2 The risks which highly leveraged hedge funds can pose to financial systems are well-publicised. Such hedge funds can rapidly build up large market positions, using money borrowed from other institutions. When their aggressive one-way bets go wrong, the unwinding of these accumulated positions can threaten to destabilise the whole financial system. The recent debacle of Long Term Capital Management was a vivid example.

3 However, these risks are not specific to hedge funds. Banks and other financial institutions, especially proprietary trading desks of banks, often engage in similar leveraged strategies as hedge funds.

4 There is some risk that speculation by hedge funds can impair the ability of governments to manage exchange rates and conduct monetary policies. However, this risk exists regardless of whether hedge funds base their fund managers in Singapore, Hong Kong or anywhere else. Decisions to take large aggressive bets are made by their head offices, and do not depend on where their fund managers are located.

5 While hedge funds have been blamed for causing the Asian financial crisis, an IMF study in December 1997 found that their role in the Asian financial crisis has been greatly exaggerated, and that the underlying causes were basic weaknesses in the banking and corporate sectors.

6 A world class financial centre is characterised by a wide range of investors, interme-diaries and financial instruments. It has active markets and efficient exchanges. The presence of diverse investors stimulates the development of a broad range of financial instruments. Established financial centres like New York, London and Hong Kong are already hosts to such a wide spectrum of investors, including hedge funds. This has fostered the use of innovative investment techniques in these centres.
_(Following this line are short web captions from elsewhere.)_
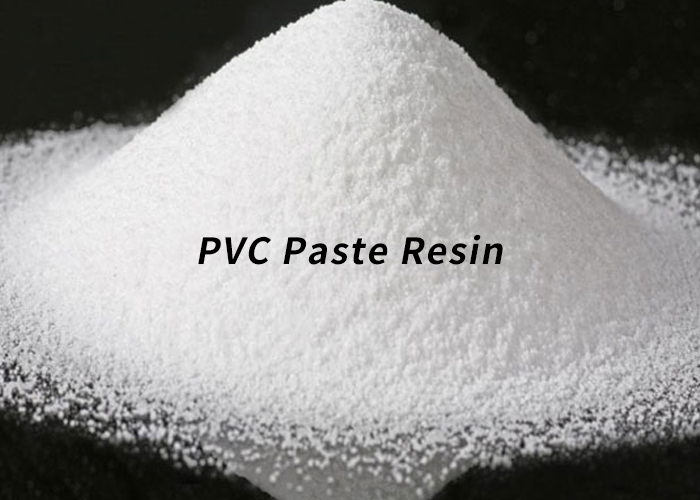ПВХ-паста ПВХ-паста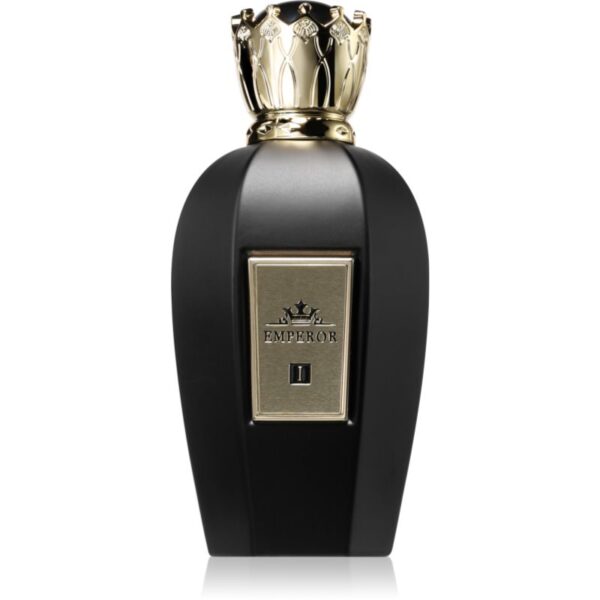 Fragrance World Emperor I. Eau de Parfum unisex 100 ml-ro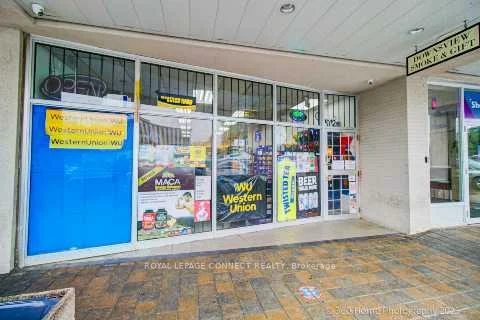 1012, Wilson, Downsview-Roding-CFB, Toronto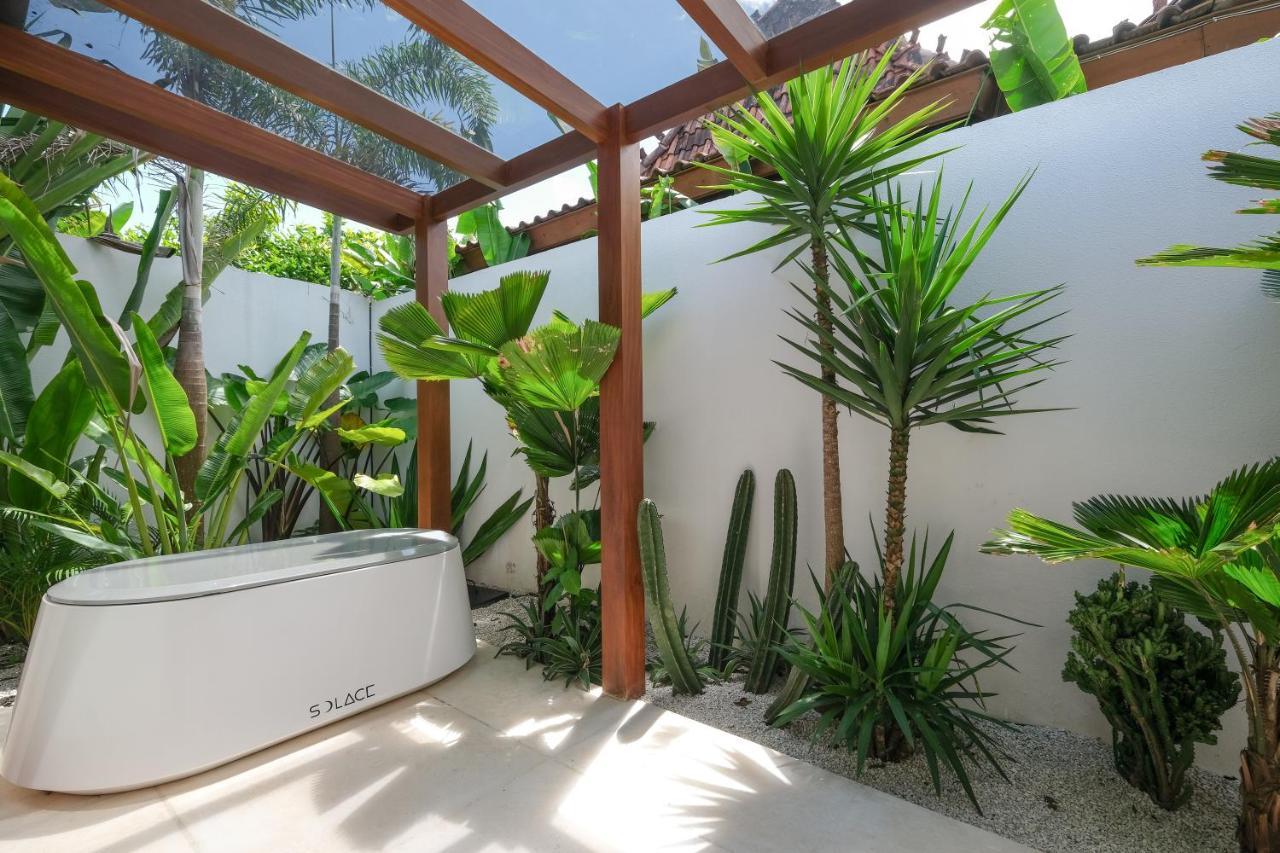 Breathe Boutique Villa *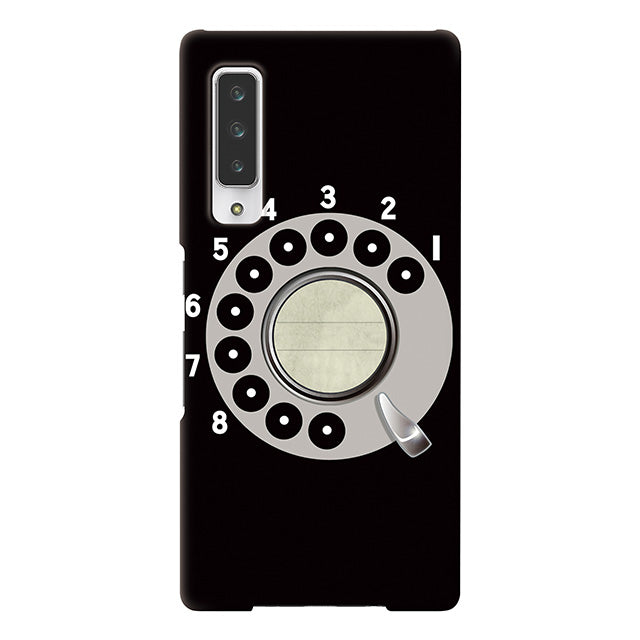 Classic Phone (ハード型スマホケース)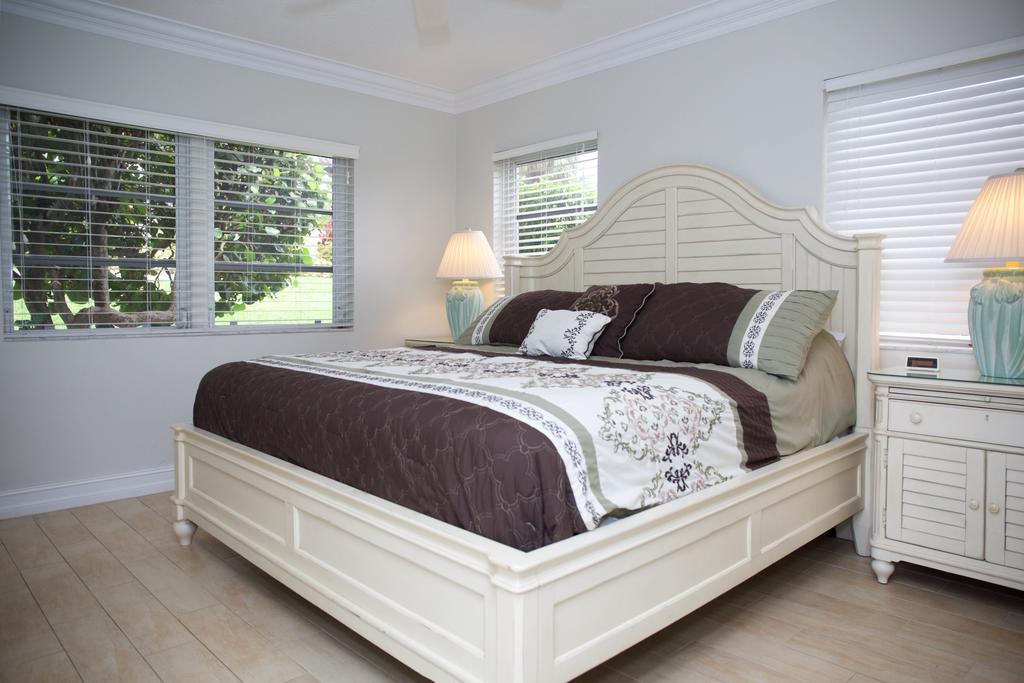 Royal Flamingo Villas Hillsboro Beach Buitenkant foto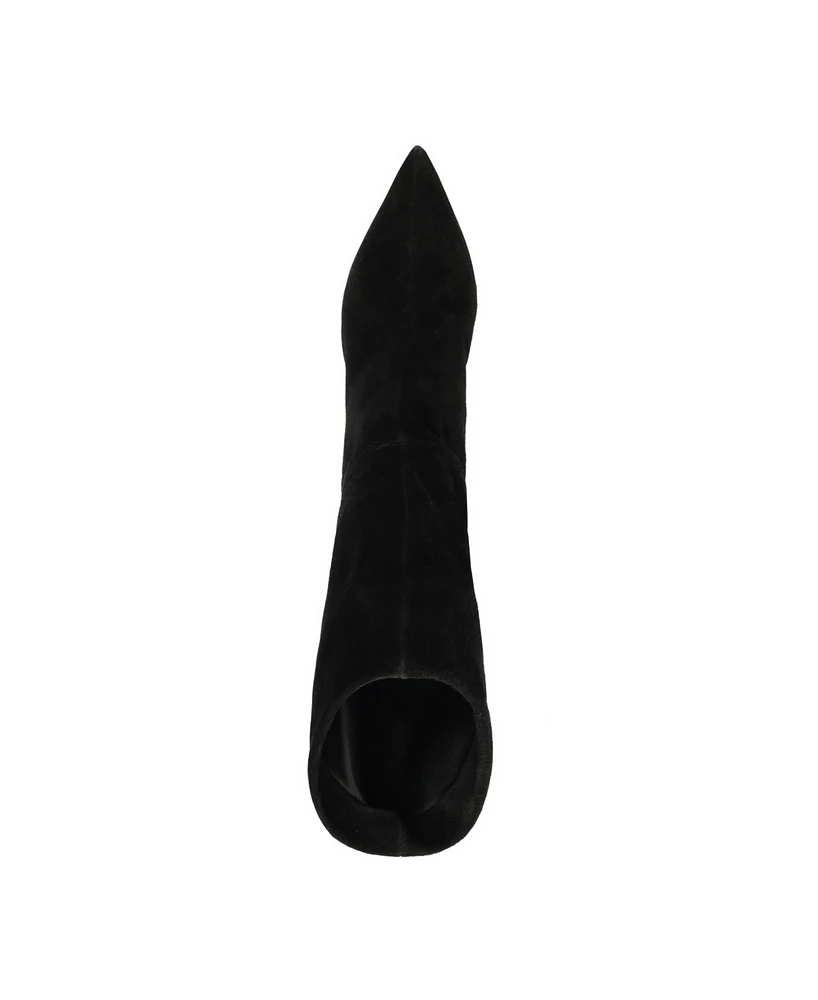 Arezzo Women's Cleo Stiletto Boots
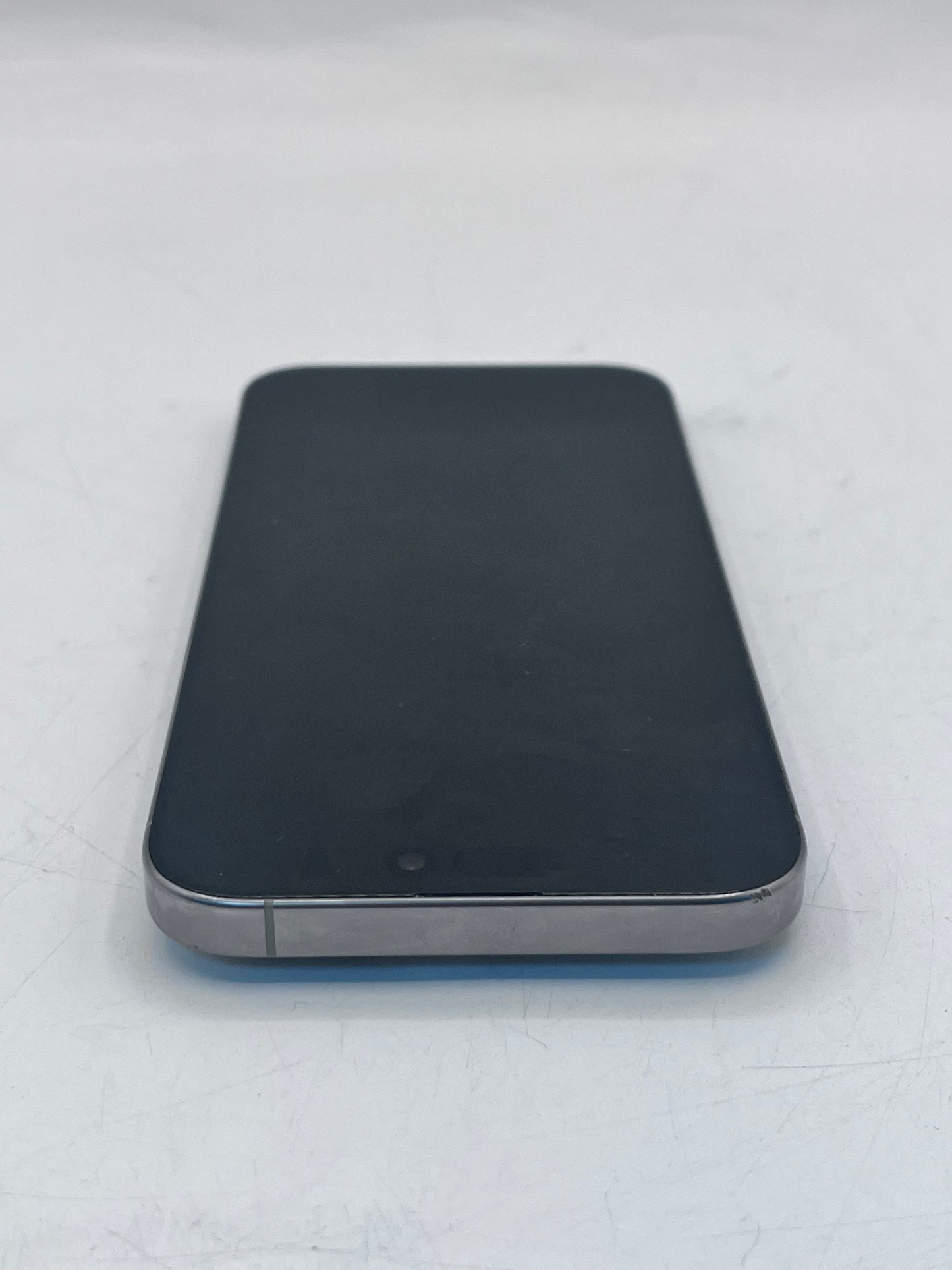 T-Mobile Apple iPhone 16 Pro Max MYW63LL/A A3084 256GB  - Silver READ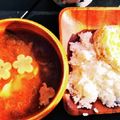 matsuma's cooksnap of when they made 意外にうまっ！！コンソメ味噌汁☆.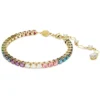 Matrix Tennis bracelet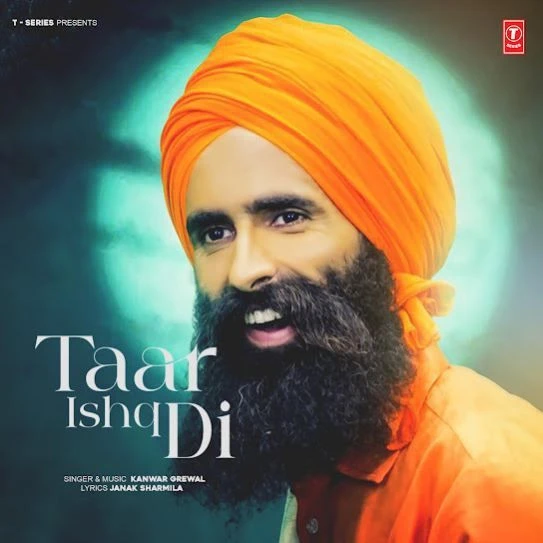 Taar Ishq Di Kanwar Grewal mp3 song download, Taar Ishq Di Kanwar Grewal full album mp3 song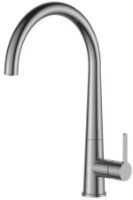 Смеситель для кухни Fabiano FKM 72 SS Inox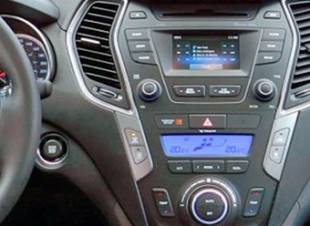 Incar RHY-FC326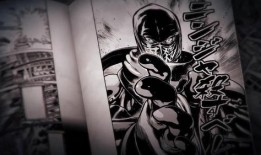 忍者杀手漫画,暗影之刃的崛起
7 MAS therefore has no blanket policy either to ban or to attract hedge funds. Hedge funds wishing to operate in Singapore are subject to the same regulations and licensing criteria as any other funds and fund management companies.

8 MAS' supervisory approach is to ensure that financial institutions are not over-exposed to any particular counter-party or type of asset. MAS will continue to emphasise financial institutions' reporting of large trades and positions as well as compliance with prudential exposure limits. MAS uses these supervisory tools to monitor and manage systemic risk in our markets and exchanges, and to restrain financial institutions from becoming excessively exposed to any particular counter-party, including hedge funds.

9 Regulators in developed countries are actively studying the issue of how to improve disclosure and reporting requirements for hedge funds and other market participants. Given Singapore's position as a major financial centre, MAS has an interest in higher disclosure standards and is participating in such studies. MAS will ensure that our own disclosure and reporting requirements meet international best practice.

1 Studies done by Van Hedge Fund Advisors International, a US company specializing in hedge fund research, have confirmed this.